Can you elaborate on the Cotecna Group's offerings and how they support pharma companies in meeting global regulatory standards, especially in highly regulated markets?

At Cotecna, we understand the critical importance of regulatory compliance in the pharma industry, particularly in highly regulated markets such as Europe and Asia. Our expertise spans across Good Manufacturing Practices. (GMP), Good Laboratory Practices (GLP), Good Distribution Practices (GDP), as well as regulatory requirements set by major bodies such as the EMA and WHO.

To support pharma companies in navigating these complex regulations, we offer comprehensive testing and auditing services conducted onsite. Our specialised facilities, such as SHIVA Lab and Cotecna Life Sciences in India, provide advanced pharma testing and regulatory support, ensuring that products meet stringent safety and quality standards. Similarly, Neotron Food Pharma Lab in Europe offers specialised pharma and nutra testing, with a particular focus on biopharma solutions.

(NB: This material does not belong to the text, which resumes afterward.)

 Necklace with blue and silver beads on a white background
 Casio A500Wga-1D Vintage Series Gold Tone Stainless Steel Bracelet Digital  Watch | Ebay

By fostering strong synergies between India and Neotron, we ensure a harmonised global service offering that provides consistency, reliability, and compliance assurance to pharma clients worldwide.

How does Cotecna differentiate itself from competitors in the pharma testing and certification space? Are there specific strategies or expansion plans targeting high-growth regions like the US, Europe, and emerging markets?

Cotecna stands out due to its strong technical and scientific expertise, combined with its agility, responsiveness, and commitment to tailored solutions. We often describe our approach as "smart, agile, and highly responsive." This mindset allows us to deliver faster turnaround times, customised services, and a client-centric approach that ensures we meet the specific needs of our partners.